Your objective: Using the material below, print a verbatim copy of every line from the one containing "Central Business District" through the one containing "1986 starcraft- x", inclusive, and omit the pictures.

Study material:
☆ ☆ ☆ ☆ ☆ ☆ ☆
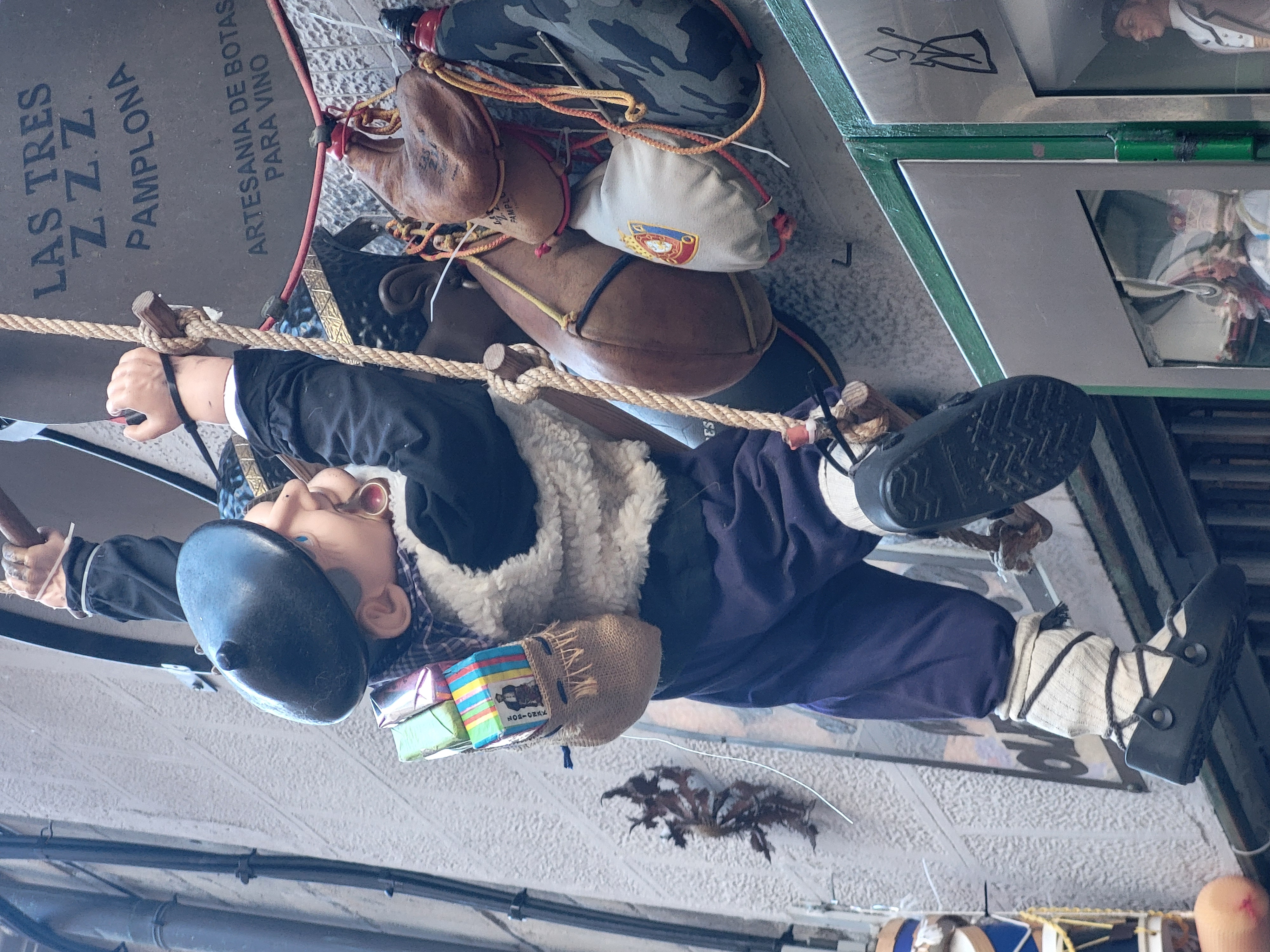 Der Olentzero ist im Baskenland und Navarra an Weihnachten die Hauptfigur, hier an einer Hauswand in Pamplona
☆ ☆ ☆ ☆ ☆ ☆ ☆
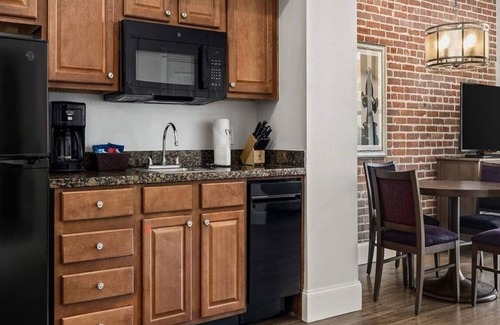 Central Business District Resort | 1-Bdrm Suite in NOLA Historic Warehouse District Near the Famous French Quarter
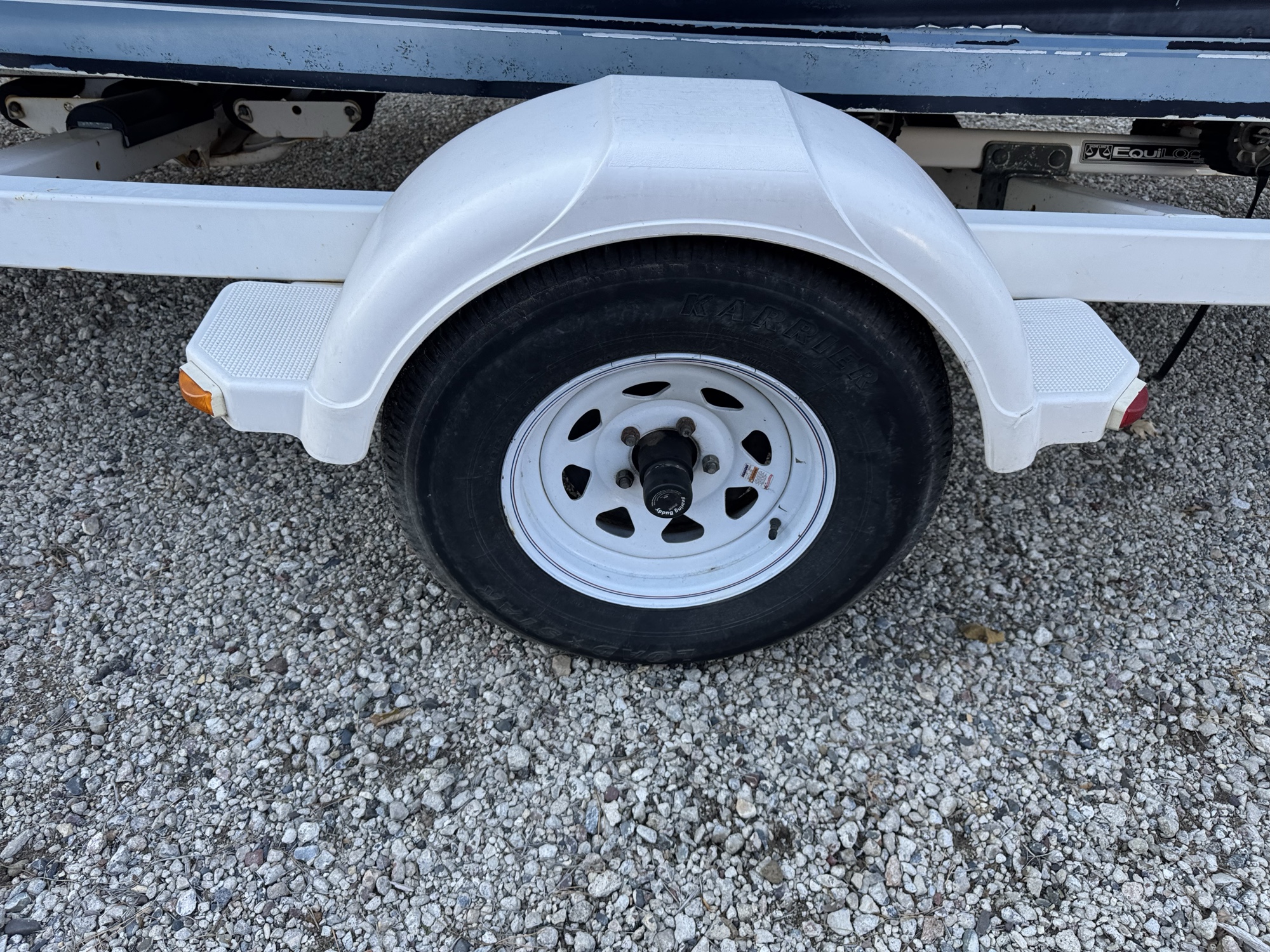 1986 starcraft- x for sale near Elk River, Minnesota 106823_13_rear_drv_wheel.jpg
☆ ☆ ☆ ☆ ☆ ☆ ☆
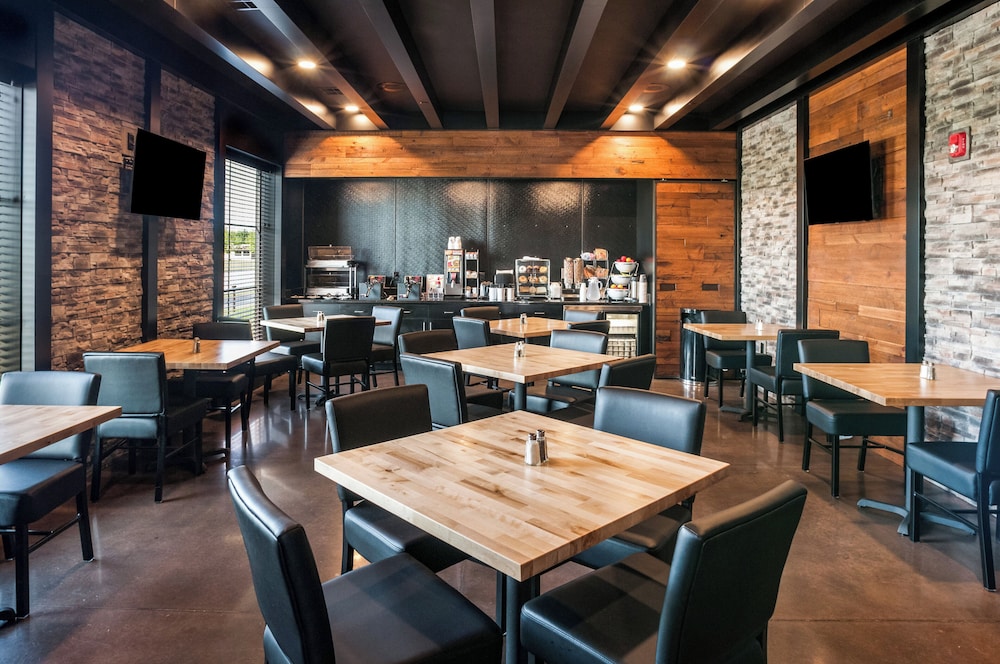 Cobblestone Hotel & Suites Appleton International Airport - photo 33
☆ ☆ ☆ ☆ ☆ ☆ ☆
Reply:
 Central Business District Resort | 1-Bdrm Suite in NOLA Historic Warehouse District Near the Famous French Quarter
 1986 starcraft- x for sale near Elk River, Minnesota 106823_13_rear_drv_wheel.jpg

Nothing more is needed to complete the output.